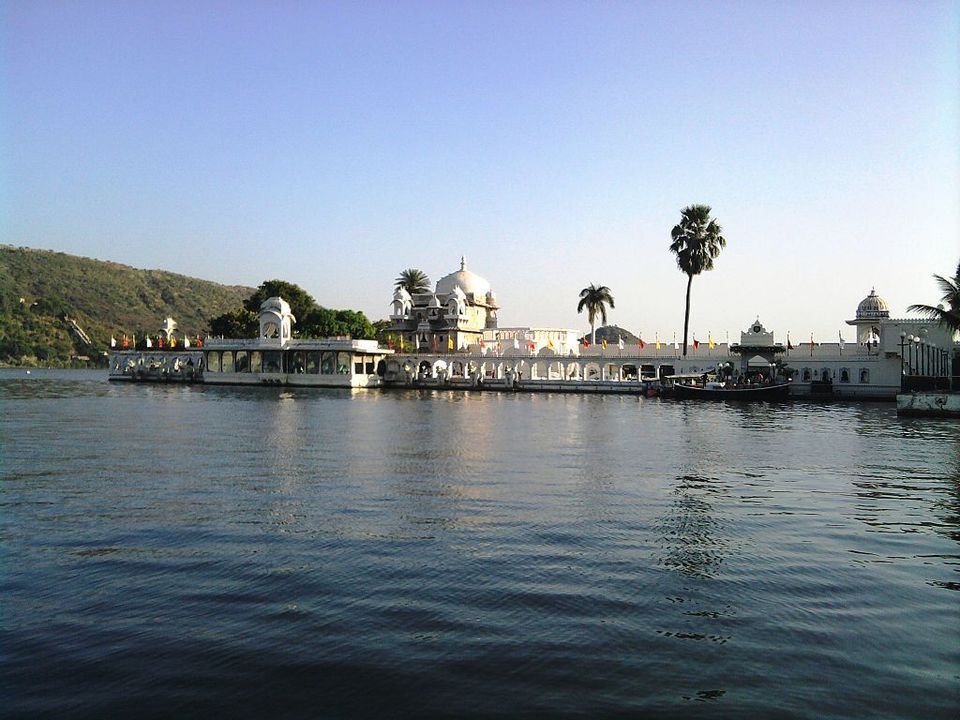 Jagmandir Palace, Pichola Lake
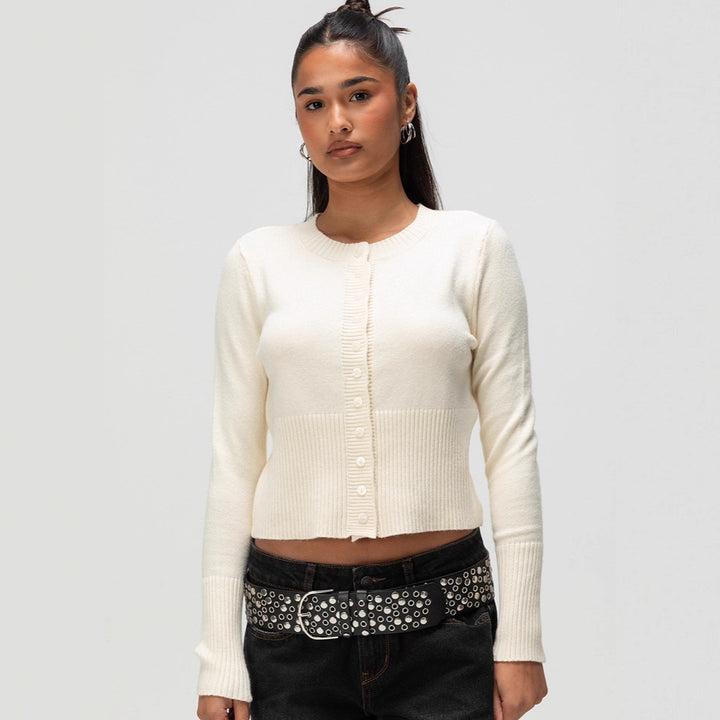 Cardigan pour femmes avec des détails de boutons contrastants Chic & Stil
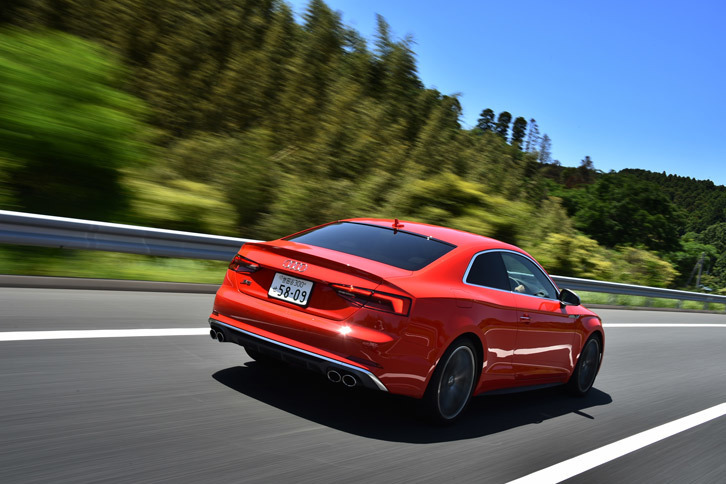 新世代のパワートレインとシャシーが採用された新型「S5クーペ」。0-100km/h加速が4.7秒という動力性能と、JC08モード計測で12.7km/リッターという燃費性能を両立している。
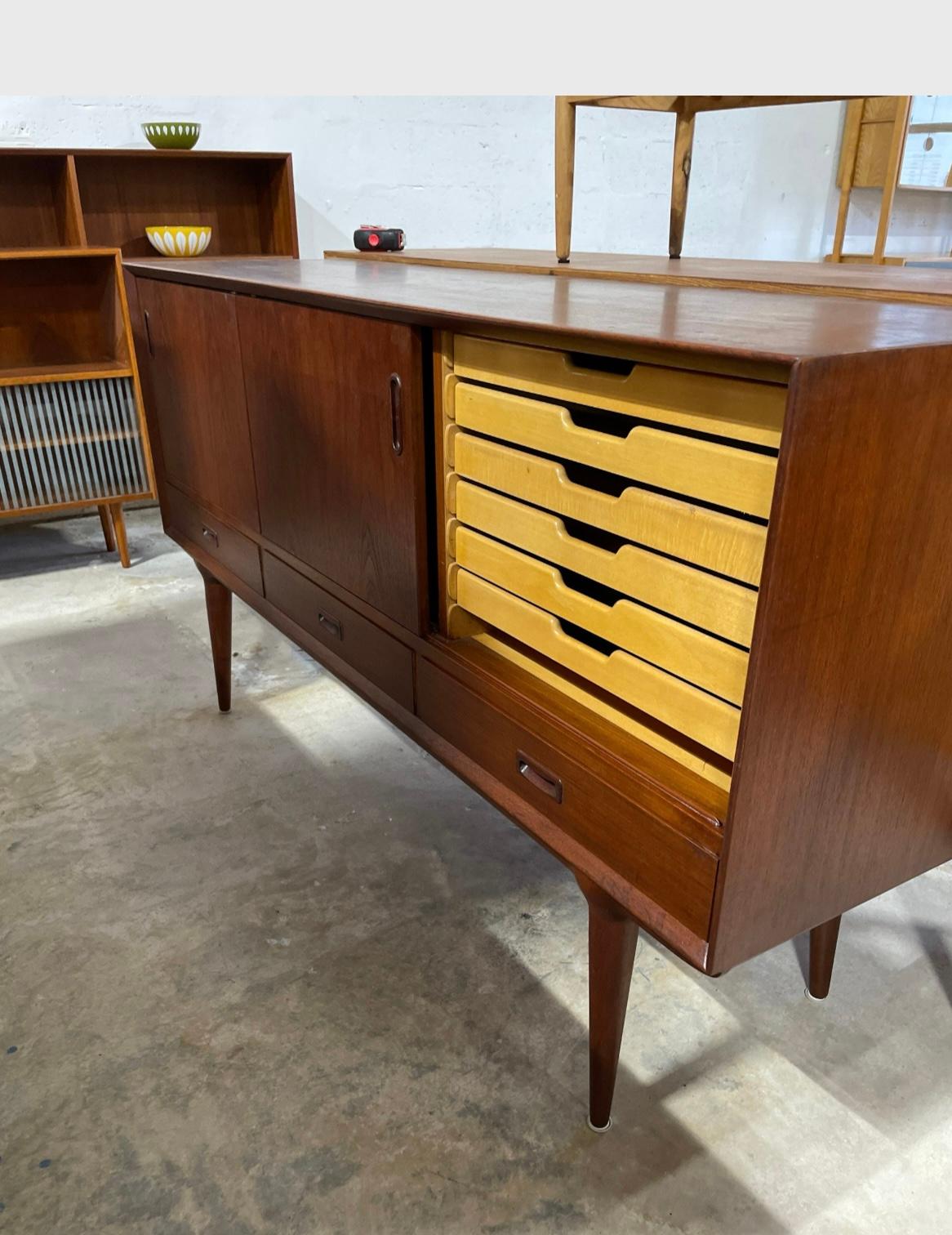 Credenza o console moderna danese in teak Omann Jun in vendita 2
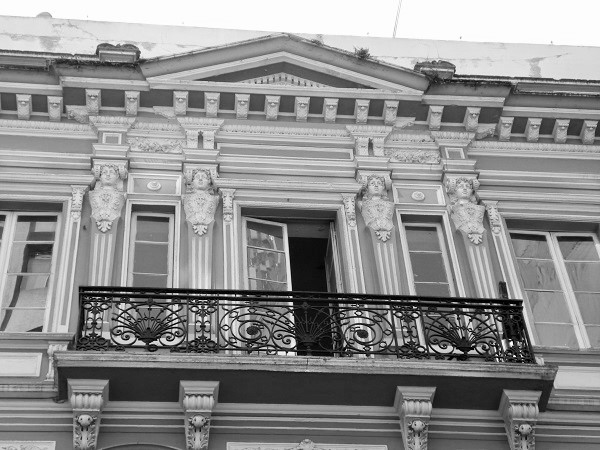 Edificação da Antiga Casa Garraux. Centro de São Paulo: Rua 15 de Novembro. Fotografia de Mônica Yamagawa. MOYARTE: www.moyarte.com.br.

____________________

TASK REQUIREMENTS: Above is a listing with pictures. Write it out exactly without them.

ANSWER TO THE EXERCISE:
 Jagmandir Palace, Pichola Lake
 Cardigan pour femmes avec des détails de boutons contrastants Chic & Stil
 新世代のパワートレインとシャシーが採用された新型「S5クーペ」。0-100km/h加速が4.7秒という動力性能と、JC08モード計測で12.7km/リッターという燃費性能を両立している。
 Credenza o console moderna danese in teak Omann Jun in vendita 2
 Edificação da Antiga Casa Garraux. Centro de São Paulo: Rua 15 de Novembro. Fotografia de Mônica Yamagawa. MOYARTE: www.moyarte.com.br.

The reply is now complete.